Astronomers could soon be using a gigantic space-parasol to block out starlight that interferes with the view of planets in other solar systems. The daisy-shaped space shield could be used in conjunction with an orbiting telescope to get clear images of the more than 175 planets that have been discovered orbiting other stars, say the authors of a University of Colorado at Boulder (CU) study, just published in Nature.
Made of thin plastic, the “starshade” would allow a telescope trailing thousands of miles behind it to image light from distant planets skimming by the giant petals without being swamped by light from the parent stars, explained CU’s Professor Webster Cash. This would allow astronomers to then identify planetary features like oceans, continents, polar caps and cloud banks and even detect biomarkers like methane, oxygen and water if they exist.
It’s envisaged that the telescope and starshade – dubbed the New Worlds Imager – would be launched together into an orbit roughly 1 million miles from Earth. The starshade would then be unfurled and small thrusters would move it into the lines of sight of nearby stars thought to harbor planets. The thrusters would be intermittently turned on to hold the starshade steady during the observations of the planets, which would appear as bright specks.

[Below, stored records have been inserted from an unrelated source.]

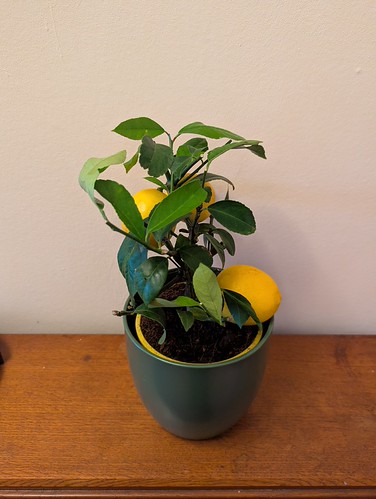 350/365 Lemon Meyer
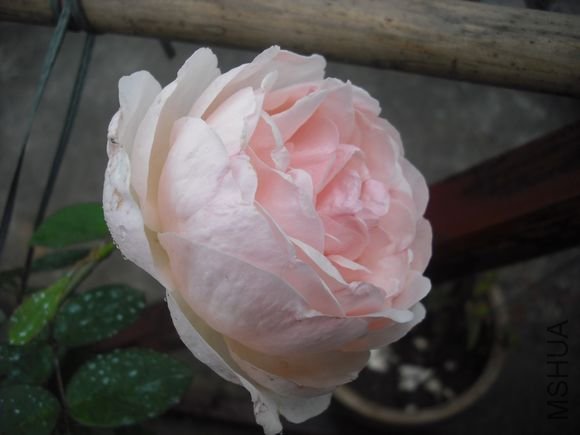 DSCF5954.jpg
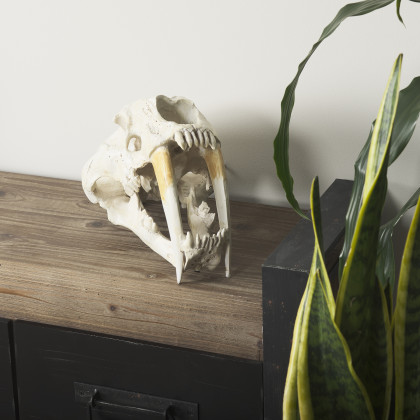 Mercana - Fozzil Object in Beige, Resin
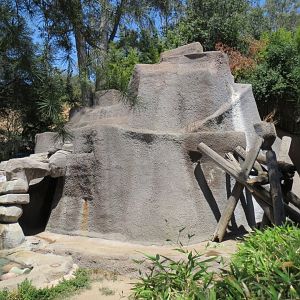 American Black Bear Exhibit
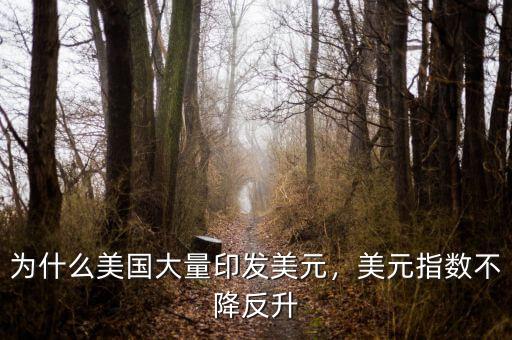 為什么美國大量印發(fā)美元，美元指數(shù)不降反升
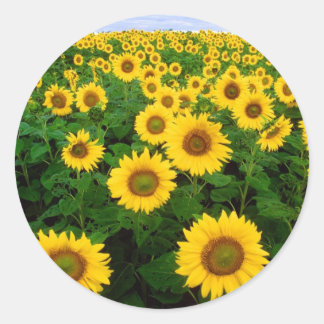 Sticker Rond Fleurs de jaune de gisement de tournesol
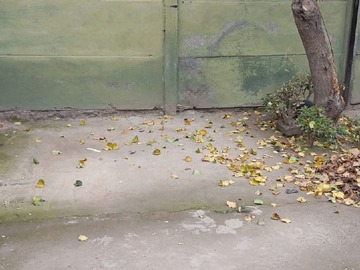 Imagen 8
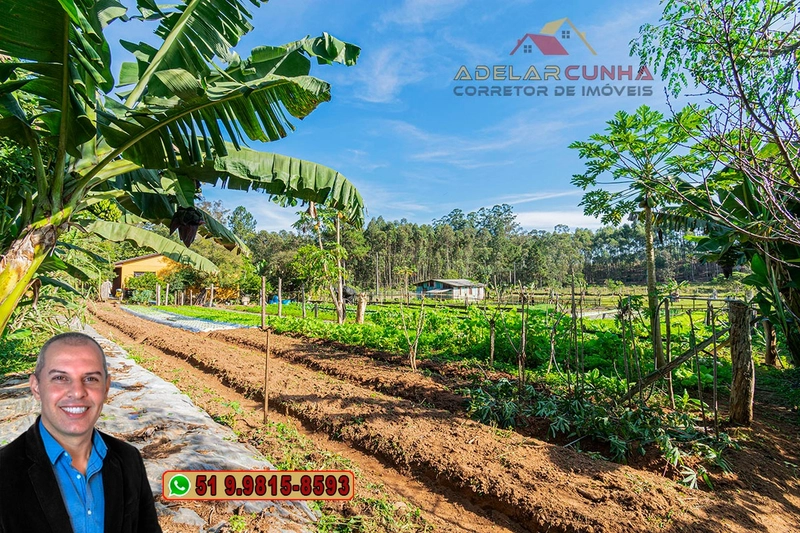 Chácara com Casa à Venda em Araricá - RS: 13ª foto da galeria de imagens do imóvel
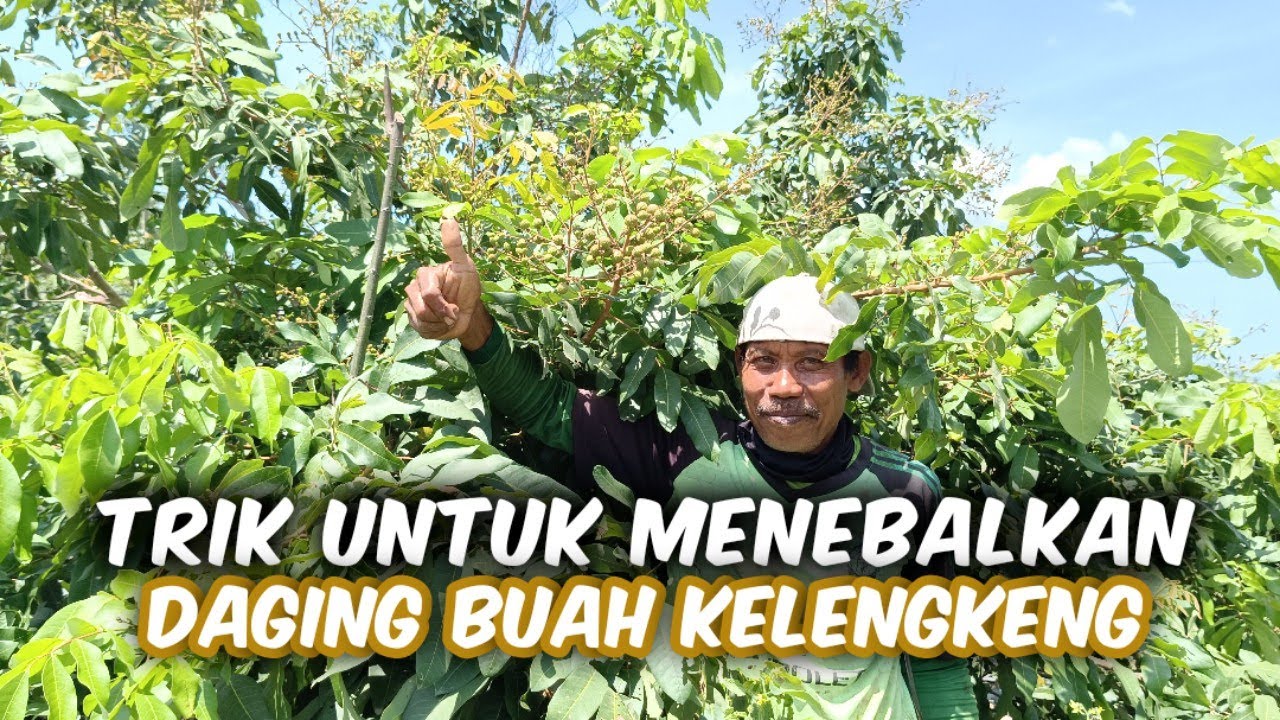 Trik Menebalkan Daging Buah Kelengkeng Dengan Tingkat Kematangan Buah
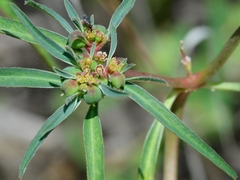 Euphorbia exstipulata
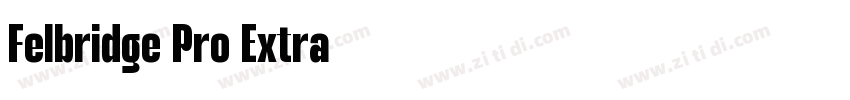 Felbridge Pro Extra字体转换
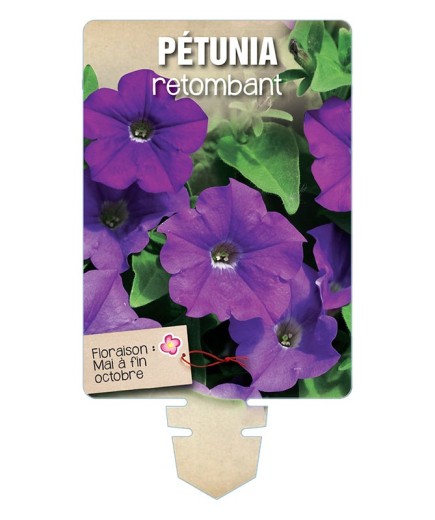PÉTUNIA RETOMBANT (violet)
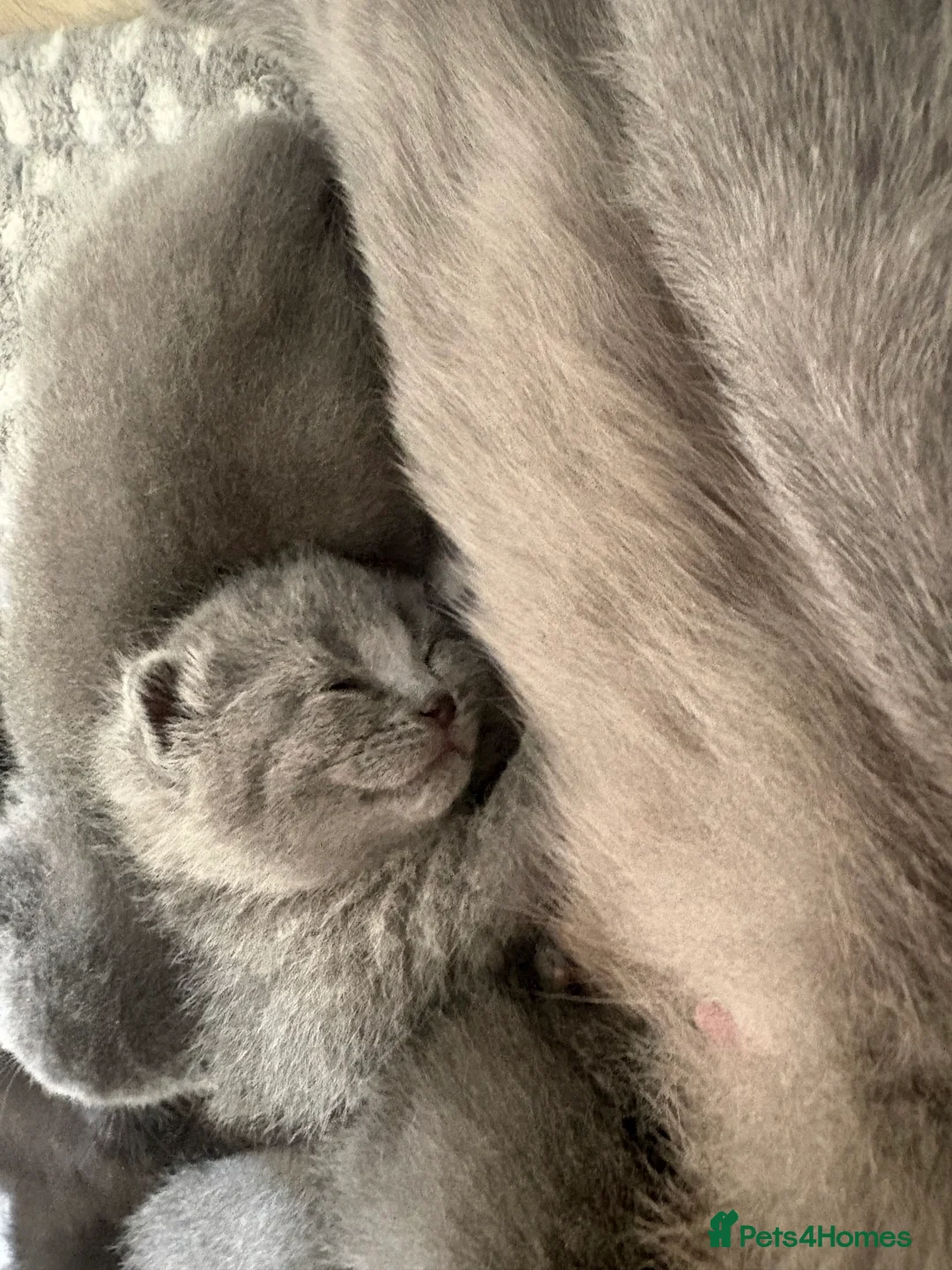 British Shorthair cats for sale: British short hair kittens  - Advert 20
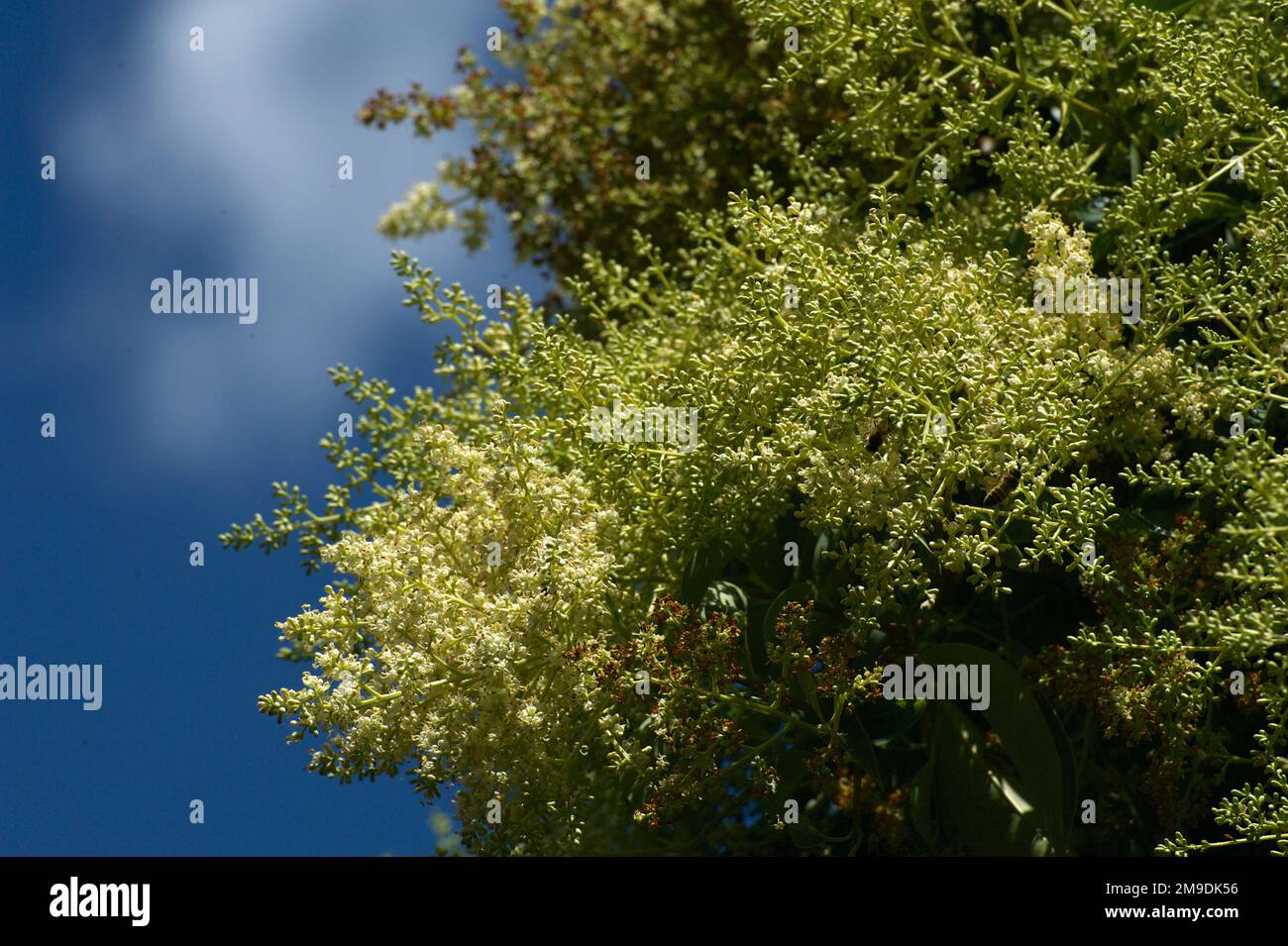 Holunderbeerbäume (Sambucus Nigra) sind europäisch und nicht in Australien heimisch, aber ihre Blüten und ihr Duft sind in unseren Gärten sehr willkommen. Stockfoto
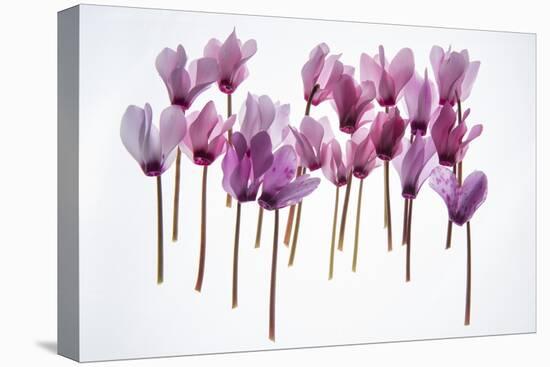 Backlit Violet-null-Stretched Canvas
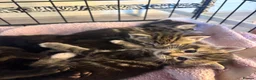 Domestic Shorthair cats for sale: 6 Curious Loving Domestic Shorthair Kittens - Advert 20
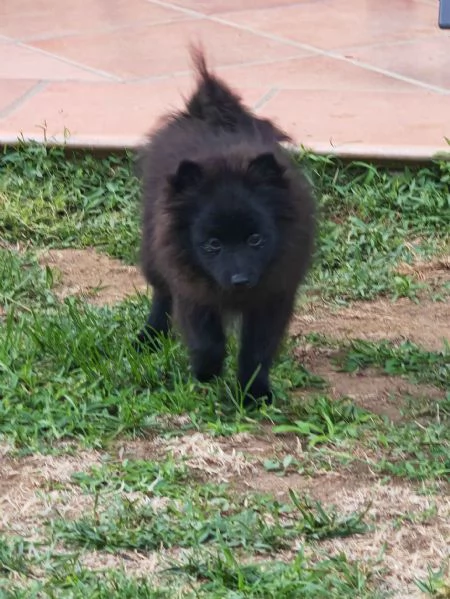 Cuccioli Spitz Tedesco Piccolo  Kleinspitz  | Foto 5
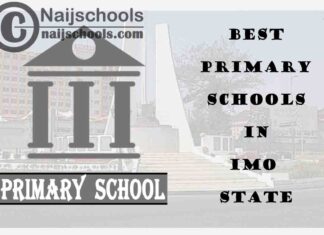 11 of the Best Primary Schools to Attend in Imo State Nigeria | No. 5’s Top-Notch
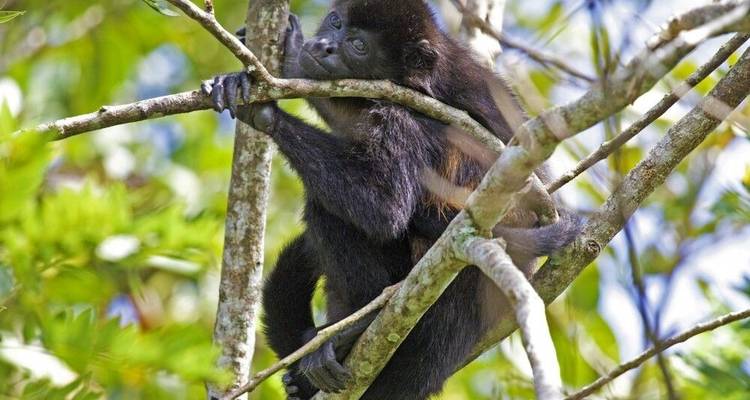 Adventures in the Home of the Sloth - DIAMIR Erlebnisreisen 3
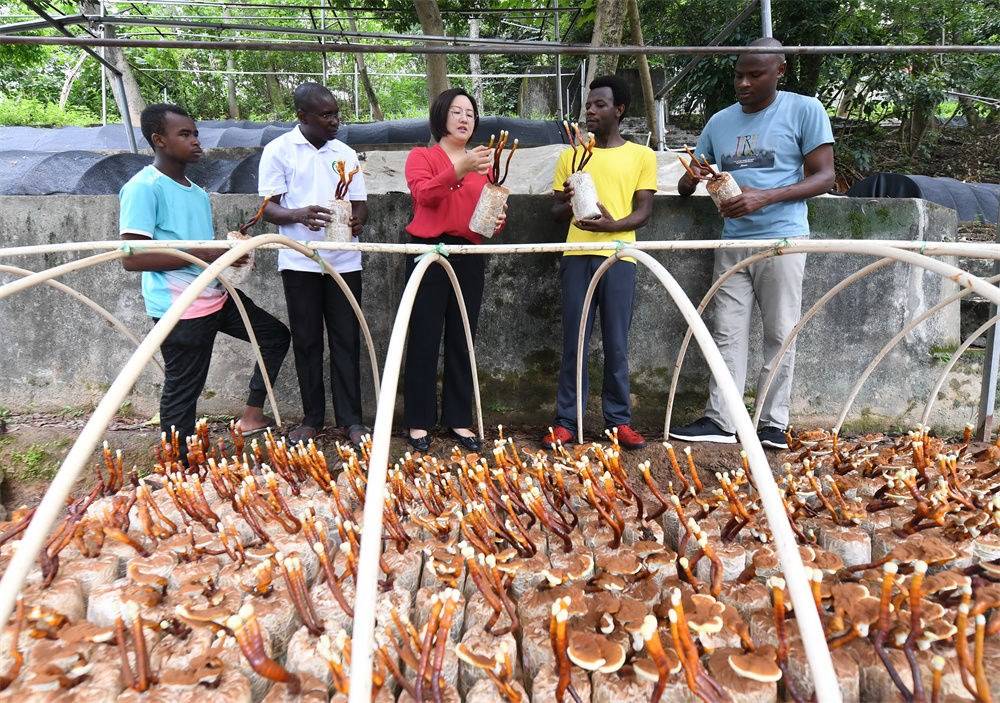 2021年8月12日，福建農(nóng)林大學國家菌草工程技術研究中心副主任林冬梅（中）為非洲留學生講解菌草鹿角靈芝的栽培情況。新華社記者 林善傳 攝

The paper includes solutions to optical challenges like the bending and scattering of light between the pliable, 50-yard-in-diameter starshade and the space telescope, which would orbit in tandem roughly 15,000 miles apart.
Other proposals for imaging distant planets involve suppressing parent starlight once it has entered the telescope – an enormously complicated exercise. “In contrast, this is a very clean and simple optical concept, and may be the most promising idea yet on how to directly image our Earth-like neighbors,” said Marc Kuchner, of NASA’s Goddard Space Flight Center’s Exoplanets and Stellar Astrophysics Laboratory.
An even more advanced version of the imaging system might involve a ring of telescopes placed on the moon beneath a fleet of orbiting starshades that would allow scientists to actually photograph distant, Earth-like planets, Cash speculated. “There is a bit of Buck Rogers in the New Worlds Imager concept, but seeking and mapping new lands is something that seems to ring deep in the human psyche.”